In my past usage of Resque, this isn’t that big of a deal. Most jobs aren’t business-critical. If the occasional image doesn’t get resized or a notification email doesn’t go out, life goes on. A little logging and data tweaking cures many ills.

But, some jobs are business-critical. They need stronger semantics than Resque provides. The processing of those jobs, the state of that processing, is part of our application’s logic. We need to model those jobs in our application and store that state somewhere we can trust.

I first became really aware of this problem, and a nice solution to it, listening to the Ruby Rogues podcast. Therein, one of the panelists advised everyone to model crucial processing as state machines. The jobs become the transitions from one model state to the next. You store the state alongside an appropriate model in your database. If a job should get dropped, it’s possible to scan the database for models that are in an inconsistent state and issue the job again.

Example follows

Let’s work an example. For our imaginary application, comment notifications are really important. We want to make sure they get sent, come hell or high water. Here’s what our comment model looks like originally:

    class Comment

      after_create :send_notification

      def send_notification
        Resque.enqueue(NotifyUser, self.user_id, self.id)
      end

    end

Now we’ll add a job to send that notification:

    class NotifyUser
      @queue = :notify_user

      def self.perform(user_id, comment_id)
        # Load the user and comment, send a notification!
      end

    end

But, as I’ve pointed out with great drama, this code can drop jobs. Let’s throw that state machine in:

    class Comment
      # We'll use acts-as-state-machine. It's a classic.
      include AASM

      # We store the state of sending this notification in the aptly named
      # `notification_state` column. AASM gives us predicate methods to see if this
      # model is in the `pending?` or `sent?` states and a `notification_sent!`
      # method to go from one state to the next.
      aasm :column => :notification_state do
        state :pending, :initial => true
        state :sent

        event :notification_sent do
          transitions :to => :sent, :from => [:pending]
        end
      end

      after_create :send_notification

      def send_notification
        Resque.enqueue(NotifyUser, self.user_id, self.id)
      end

    end

Our notification has two states: pending, and sent. Our web app creates it in the pending state. After the job finishes, it will put it in the sent state.

    class NotifyUser
      @queue = :notify_user

      def self.perform(user_id, comment_id)
        user    = User.find(user_id)
        comment = Comment.find(comment_id)

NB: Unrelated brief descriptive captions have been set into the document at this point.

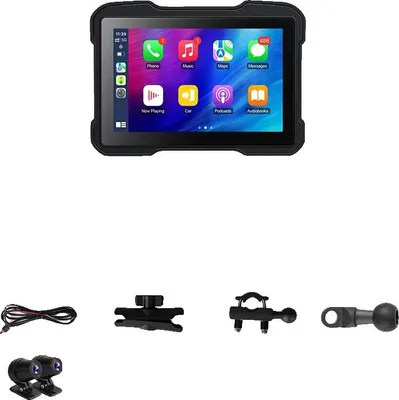 Obrázek produktu pro GPS navigace pro motocykly, bezdrátové Carplay, vodotěsný design, MT-0 (duální kamera)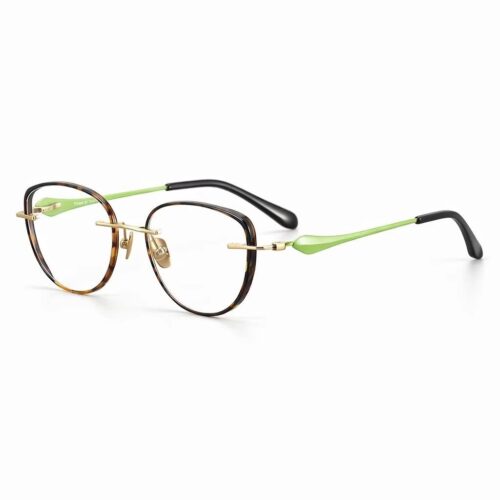 Mellume round tortoise shell glasses frames with neon green temples
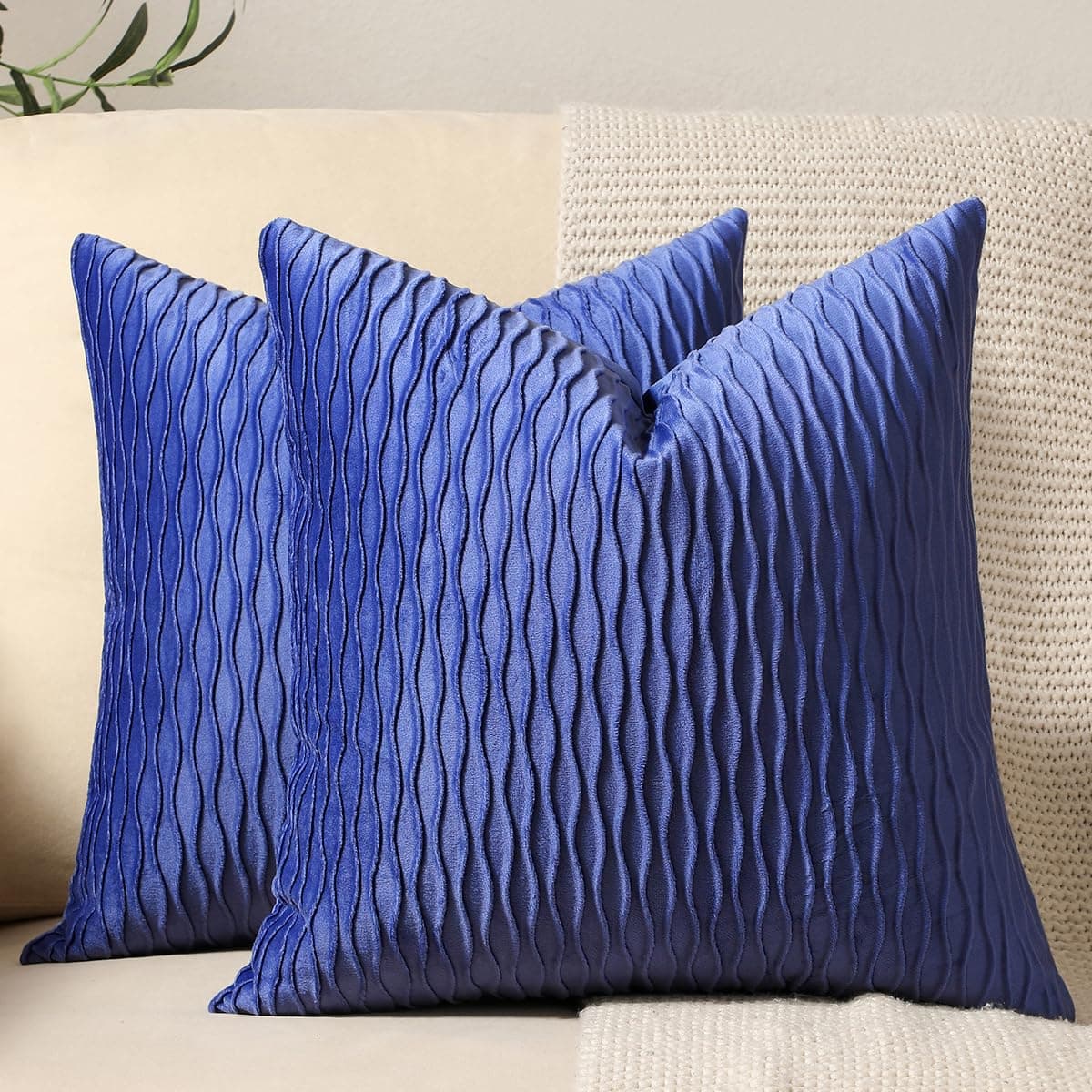 DEZENE 18x18 Blue Throw Pillow Covers 2 Pack Original Striped Velvet Square Decorative Pillow Cases for Farmhouse Couch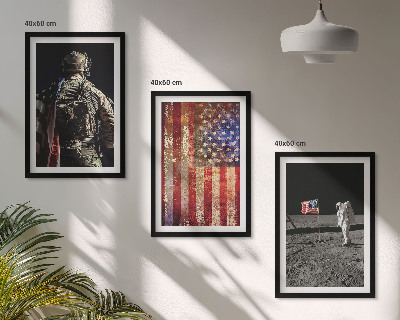 Conjunto de quadros para sala de estar Símbolos americanos Bandeira dos EUA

        user.notify_for(comment)
        # Notification success! Update the comment's state.
        comment.notification_sent!
      end

    end

This a good start for more reliably processing jobs. However, most jobs happen to handle the interaction between two systems. This notification is a great example. It integrates our application with a mail server or another service that handles our notifications. Talking to those things is probably something that isn’t tolerant to duplicate requests. If our process croaks between the time it tells the mail server to send and the time it updates the notification state in our database, we could accidentally process this notification twice. Back to square one?

¡DRAMA MUSIC!

Not quite. We can reduce our problem space once more by adding another state to our model.

    class Comment
      include AASM

      aasm :column => :notification_state do
        state :pending, :initial => true
        state :sending # We have attempted to send a notification
        state :sent    # The notification succeeded
        state :error   # Something is amiss :(

        # This happens right before we attempt to send the notification
        event :notification_attempted do
          transitions :to => :sending, :from [:pending]
        end

        # We take this transition if an exception occurs
        event :notification_error do
          transitions :to => :error, :from => [:sending]
        end

        # When everything goes to plan, we take this transition
        event :notification_sent do
          transitions :to => :sent, :from => [:sending]
        end

      end

      after_create :send_notification

      def send_notification
        Resque.enqueue(NotifyUser, self.user_id, self.id)
      end

    end

Now, when our job processes a notification, it first uses notification_attempted. Should this job fail, we’ll know which jobs we should look for in our logs. We could also get a little sneaky and monitor the number of jobs in this state if we think we’re bottlenecking around sending the actual notification. Once the job completes, we transition to the sent state. If anything goes wrong, we catch the exception and put the job in the error state. We definitely want to monitor this state and use the logs to figure out what went wrong, manually fix it, and perhaps write some code to fix bugs or add robustness.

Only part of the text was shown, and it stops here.